Construcción de nuevas viviendas
La construcción de nuevas viviendas es ahora más lenta y costosa. Los precios del suelo y de los materiales de construcción han aumentado, y los procesos de obtención de permisos pueden llevar años.
Además, los prolongados bajos tipos de interés antes de 2022 contribuyeron al aumento de los precios inmobiliarios.
Al aumentar los costes de financiación, las hipotecas se hicieron menos asequibles, empujando a más personas al mercado del alquiler y aumentando aún más los alquileres.
El Parlamento Europeo ha aprobado su primer gran informe centrado íntegramente en la crisis de la vivienda, en el que pide una respuesta más coordinada entre los Estados miembros.
Controlar los mercados de la vivienda
La UE no puede controlar directamente los mercados de la vivienda -esas decisiones siguen correspondiendo a los gobiernos nacionales-, pero sí puede influir en la evolución de la situación.
El plan pretende aumentar la oferta de viviendas, acelerar la construcción y atraer más inversiones.
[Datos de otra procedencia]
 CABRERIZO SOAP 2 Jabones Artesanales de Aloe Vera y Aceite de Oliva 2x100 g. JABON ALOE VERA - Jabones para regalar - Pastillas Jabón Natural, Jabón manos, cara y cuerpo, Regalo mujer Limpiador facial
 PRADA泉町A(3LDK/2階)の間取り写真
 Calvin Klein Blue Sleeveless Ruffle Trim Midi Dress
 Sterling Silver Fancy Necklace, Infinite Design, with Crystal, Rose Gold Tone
También hace hincapié en la reducción de la burocracia, que a menudo se cita como causa de los retrasos en la construcción.
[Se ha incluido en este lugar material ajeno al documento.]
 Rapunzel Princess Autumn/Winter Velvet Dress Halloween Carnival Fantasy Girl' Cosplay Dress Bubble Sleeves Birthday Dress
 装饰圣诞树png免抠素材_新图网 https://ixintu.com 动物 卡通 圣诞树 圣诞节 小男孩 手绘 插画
La UE también tiene previsto proporcionar ayuda financiera adicional al sector: se han asignado miles de millones de euros a proyectos de vivienda de 2021 a 2027, y se prevén más fondos.
Apoyo a la vivienda social
Parte de esta financiación se destinará a proyectos de vivienda social y rehabilitación. Otra parte se centrará en la eficiencia energética, ayudando a las familias a reducir sus facturas y mejorar sus condiciones de vida.
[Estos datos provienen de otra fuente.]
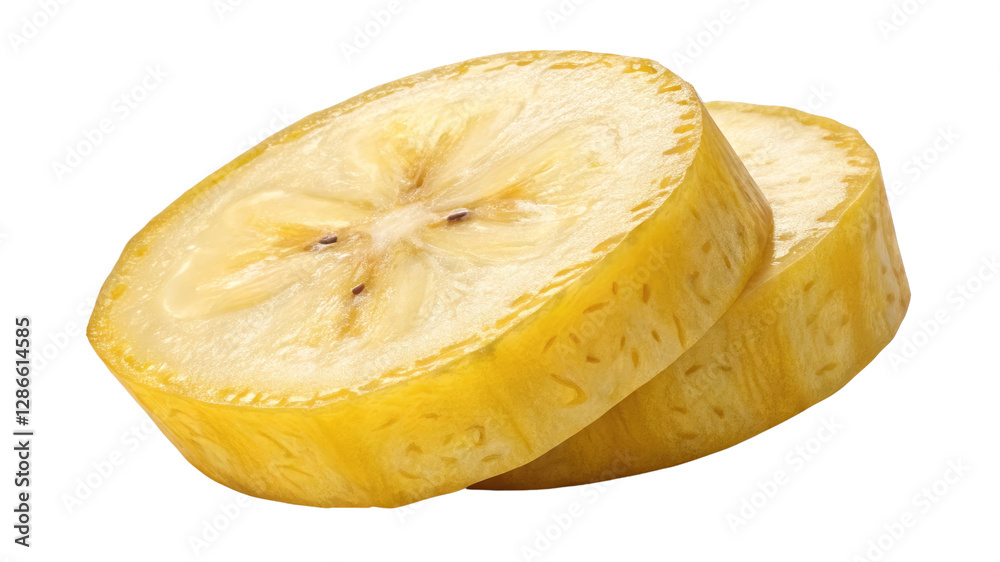 Two Slices of Banana, Close-up, Isolated on Transparent Background, Fruit, Food Photography, banana, fruit slice, food Two Slices of Banana, Close-up, Isolated on Transparent Background, Fruit, Food Photography, banana, fruit slice, food
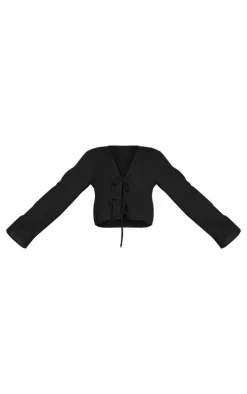 Hot PrettyLittleThing Cheesecloth Tie Front Long Sleeve Top Black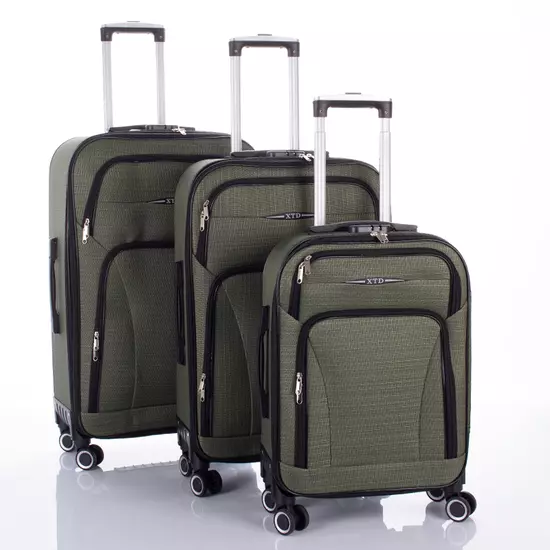3 db-os bőrönd szett sötétzöld színben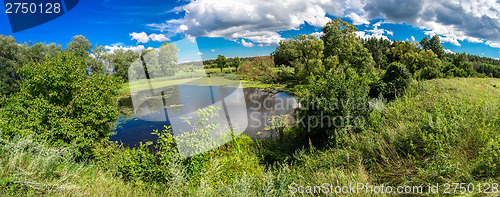 Image of Panorama of summer morning lake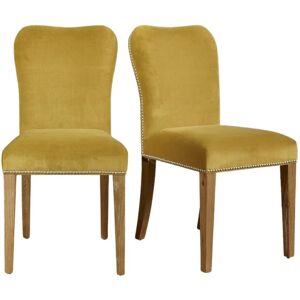 Robin des Bois HUNTER - Chaises en chêne et velours clouté (lot de 2) jaune moutarde Jaune 45x92x59cm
También se está trabajando para modernizar la construcción mediante técnicas de construcción más rápidas y herramientas digitales para agilizar la entrega de viviendas.
Normas nacionales
Un reto para la UE es que la política de vivienda sigue siendo en gran medida una cuestión nacional. Cada país establece sus propias normas sobre alquileres, planificación, fiscalidad y modelos de vivienda.
Como consecuencia, el plan europeo puede ofrecer orientación y apoyo, pero no puede hacer cumplir las medidas.
Se espera que las autoridades locales desempeñen un papel clave, especialmente en la agilización de los procesos de concesión de permisos. Se espera que las autoridades locales desempeñen un papel clave, sobre todo a la hora de agilizar los procesos de concesión de permisos e identificar las zonas prioritarias para la construcción de nuevas viviendas. Conforma los mercados laborales, la movilidad y el crecimiento económico.
La UE prepara otras medidas, como una cumbre sobre la vivienda y una alianza más amplia de gobiernos, ciudades y representantes de la industria.
Para muchos, encontrar una vivienda ha dejado de ser una etapa rutinaria de la vida para convertirse en uno de sus mayores retos.